Translation: A web page will rank better if it is linked to from other web pages that have fresh content. A comprehensive news site, for instance, will probably have multiple pages that have content updated frequently -- and hence it is more likely to have all of its interlinked, frequently updated pages rank well.
Claim #13: "The method of claim 12, wherein the amount by which the content of the document changes is based on at least one of a number of new pages associated with the document within a time period, a ratio of a number of new pages associated with the document versus a total number of pages associated with the document, and a percentage of the content of the document that has changed during a time period."
Translation: You'll need to have a substantial portion of the page updated for it to be considered fresh. Changing a few words won't cut the mustard.
Claim #14: "The method of claim 12, wherein the determining an amount by which the content of the document changes includes: weighting different portions of the content of the document differently based on a perceived importance of the portions, and determining the amount by which the content of the document changes as a function of the differently weighted portions of the content."
Translation: This ties into Claim #10; various parts of the web page are accorded different significance.

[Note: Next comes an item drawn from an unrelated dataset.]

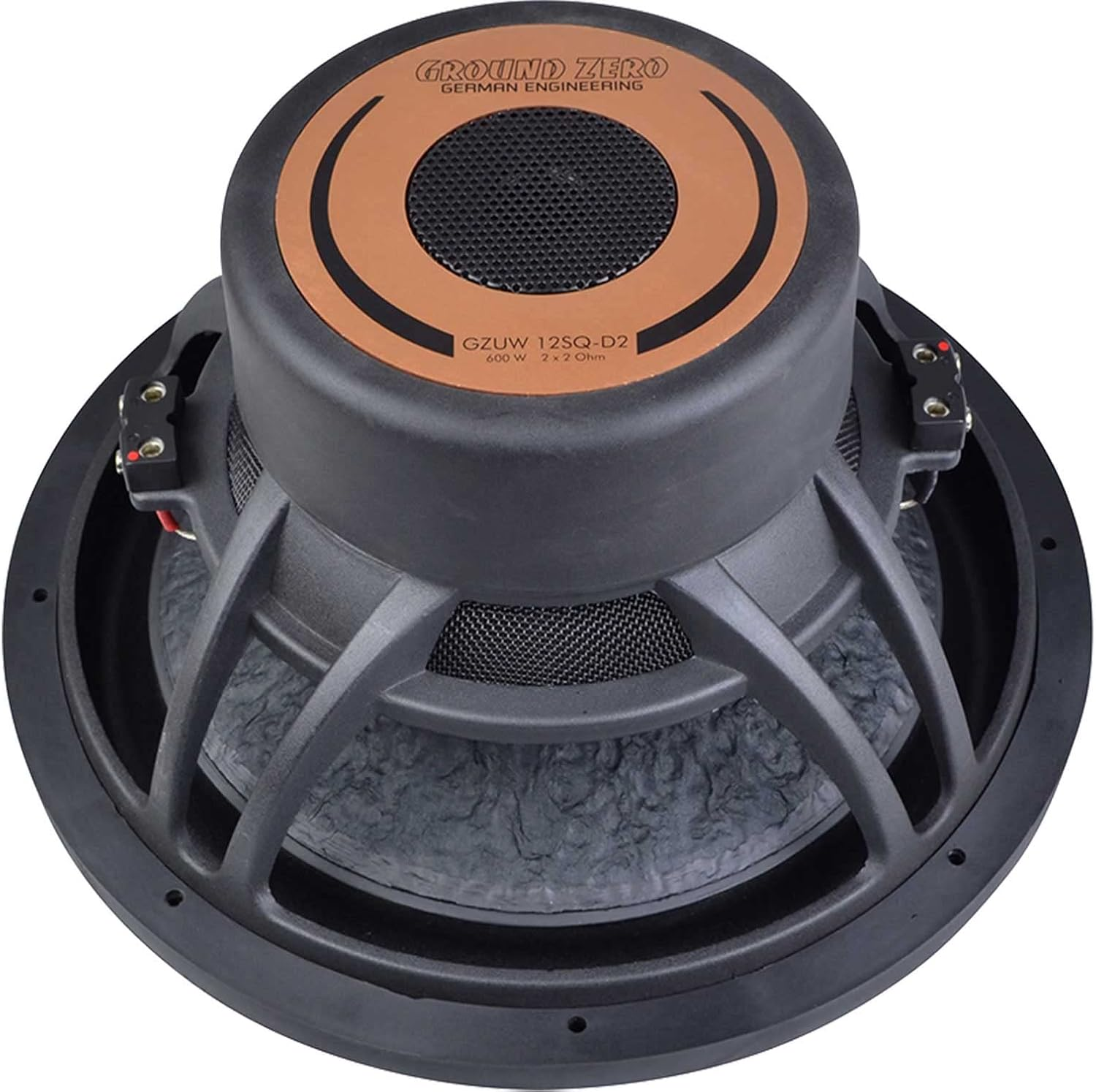 Ein Ground Zero Subwoofer. Er ist schwarz und hat eine braune Mitte mit dem Markennamen. Der Lautsprecher hat ein Metallgitter und einen stabilen Rahmen.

As a result, adding fresh content to the footer of your web page is not as significant as adding fresh content to the body of your web page.

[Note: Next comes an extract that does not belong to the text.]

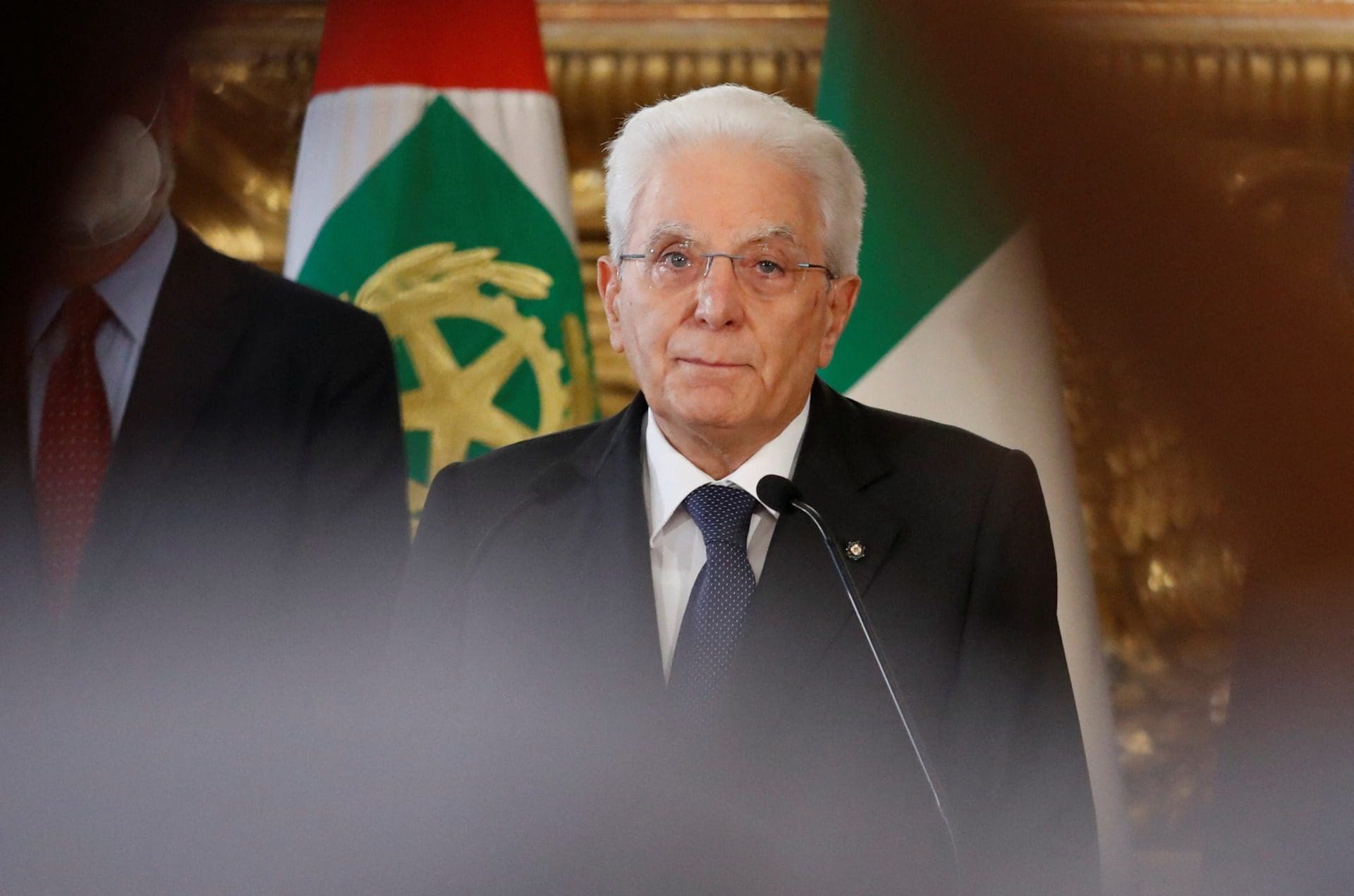 Presidente italiano dissolve Parlamento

Claim #16: "The method of claim 15, wherein the scoring the document includes assigning a higher score to the document when the document is selected more often than other documents in the set of search results over a time period."
Translation: Google is tracking the click through rate from its search results page. For example, let's say when someone types in "scary books" into a search engine, your result comes up on the bottom of the first page. If people are repeatedly clicking on your link from the search results page, you will eventually move up the ranks.
Claim #19: "The method of claim 1, wherein the one or more types of history data includes information relating to staleness of documents; and wherein the generating a score includes: determining whether the document is stale, and scoring the document based, at least in part, on whether the document is stale."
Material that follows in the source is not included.